Achievements and titles
- Paralympic finals: 2024 Paris ; 2020 Tokyo 7th;

Medal record
Representing India
Women's shooting
Paralympic Games
| Bronze medal – third place | 2024 Paris | P2 10 m air pistol SH1 |
Asian Para Games
| Bronze medal – third place | 2022 Hangzhou | 10 m air pistol |

= Rubina Francis =

Indian para pistol shooter

Rubina Francis (born 1999) is an Indian para pistol shooter. She won the bronze medal at the P2 10 m air pistol SH1 event at the 2024 Paralympics Games. She made history by becoming the first Indian woman to clinch a Paralympics medal in pistol shooting by winning a bronze.

== Early life ==
Rubina is from Jabalpur, Madhya Pradesh.

== Career ==
Rubina was ranked number five by the International Shooting Sport Federation in 2021 in Women's 10m Air Pistol SH1 (World Shooting Para Sport Rankings). She participated in the 2018 Asian Para Games in the P2 - Women's 10M Air Pistol (SH1 Events).
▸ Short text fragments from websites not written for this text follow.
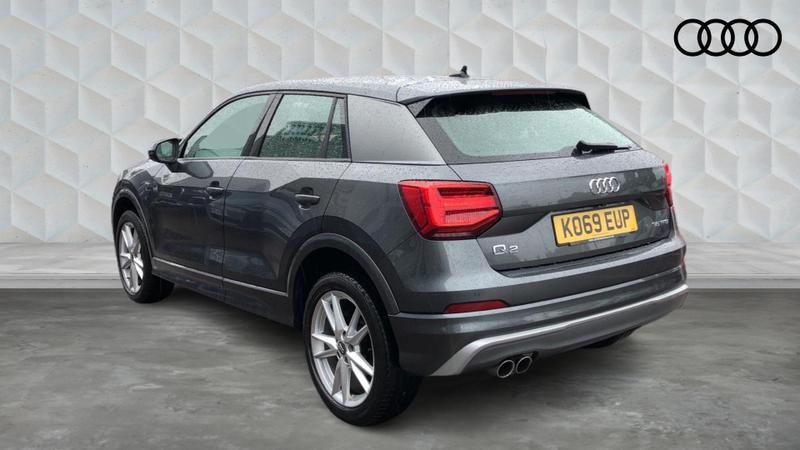 Used Audi Q2 2020 for sale - 76131514: Photo 3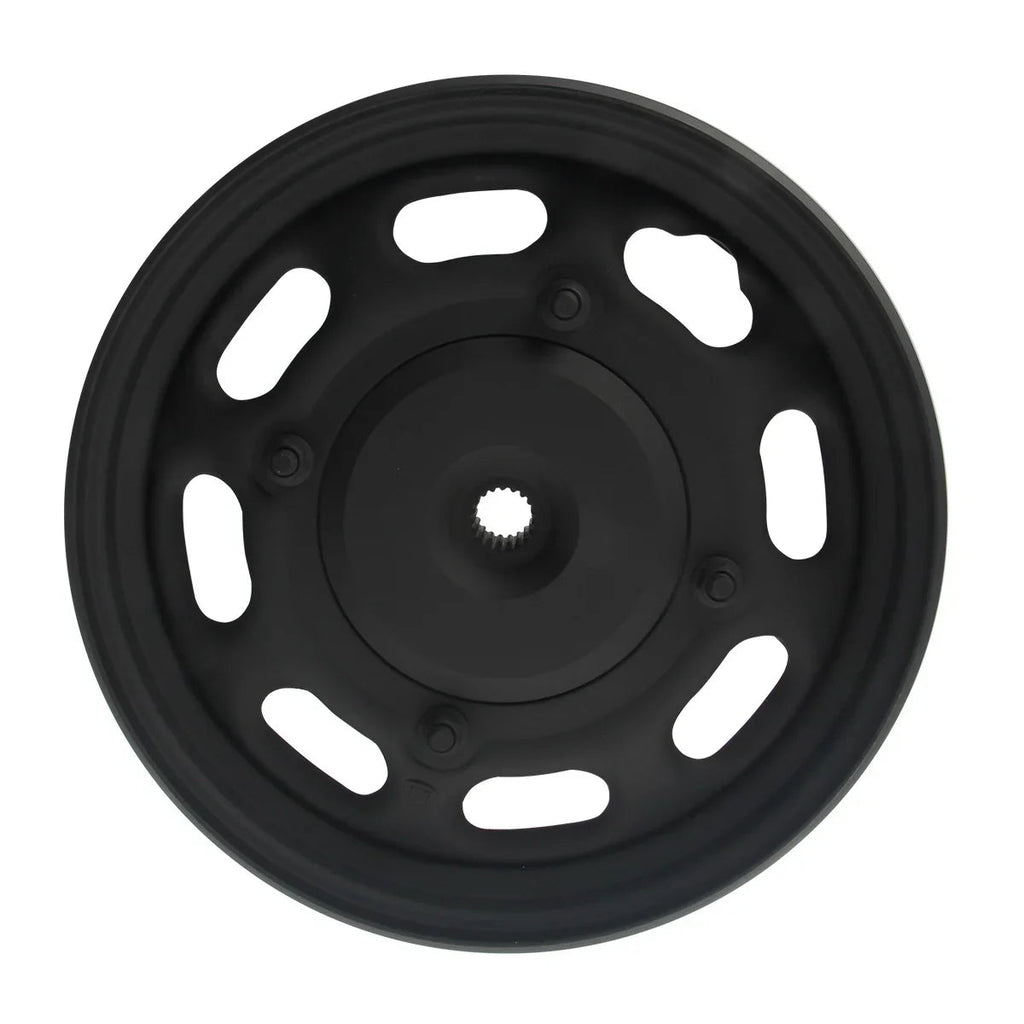 Rin Trasero Negro Cs 125 - Ds 125 - Dsg 125 Italika Original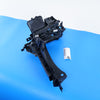 09-15 OEM BMW Left Support Assembly Headlight Ducts Latch 750i 7184159 F01 F02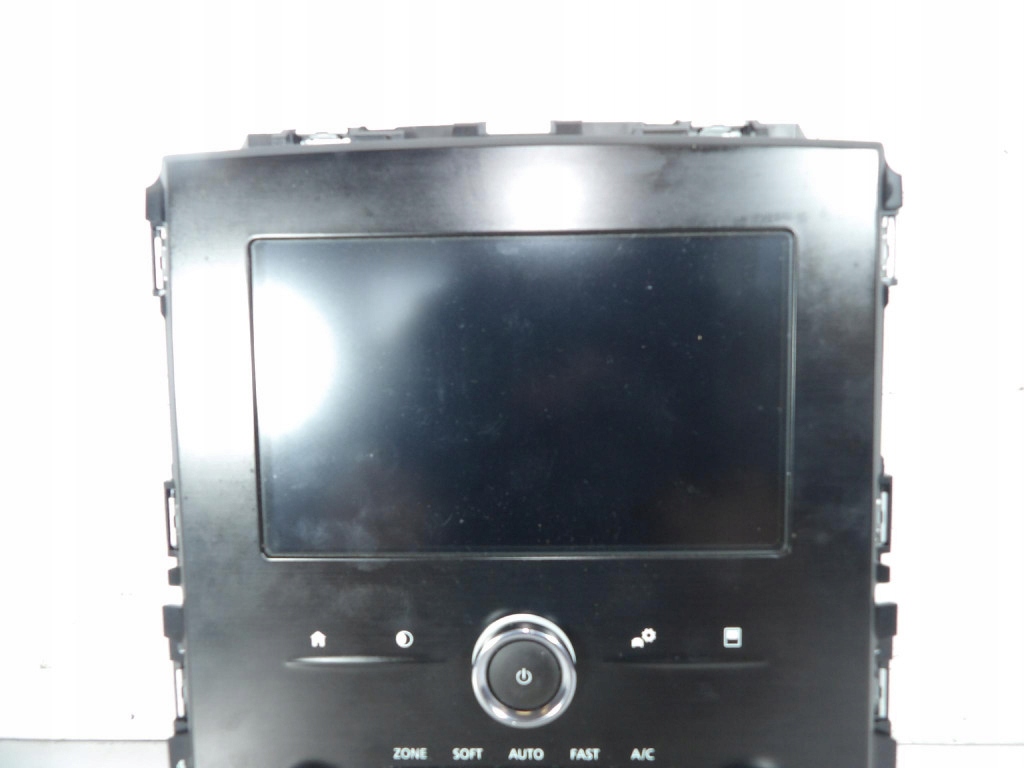RENAULT MEGANE IV display 681834648R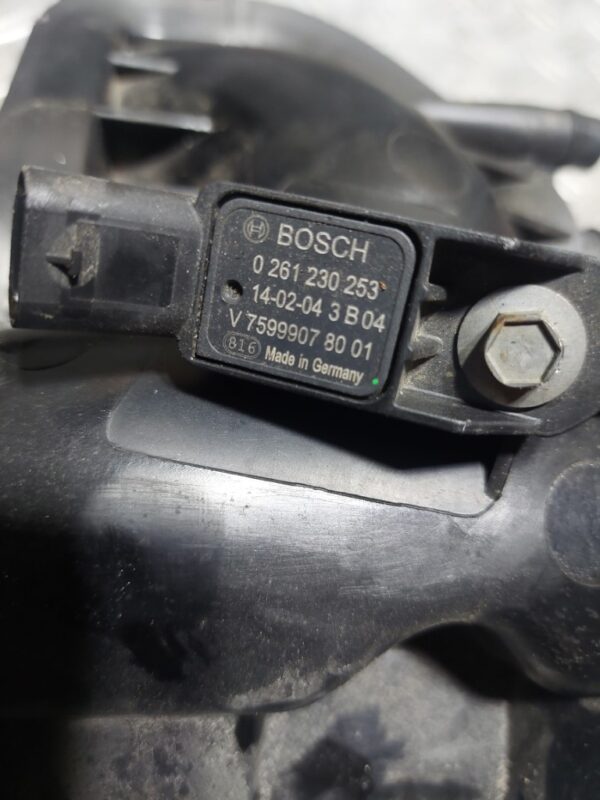Senzor galerie admisie Peugeot Citroen 1.6 THP motor 5G01 cod V759990780 Senzor galerie admisie Peugeot Citroen 1.6 THP motor 5G01 cod V759990780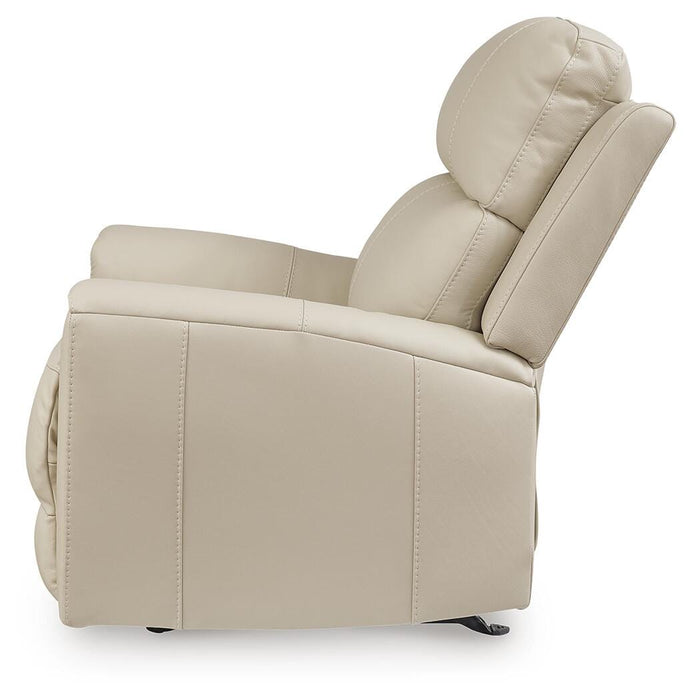 Dahlmoore Power Recliner - Valley Furniture (Rohnert Park, CA)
She qualified for the 2020 Summer Paralympics in Tokyo, Japan and finished 7th in the final.

She won a gold medal at the World Shooting Para Sport Championships in Al Ain, United Arab Emirates in 2022.

She qualified to represent India at the 2024 Summer Paralympics at Paris. She secured an Olympic quota berth for Paris Paralympics under bipartite rule in July 2024.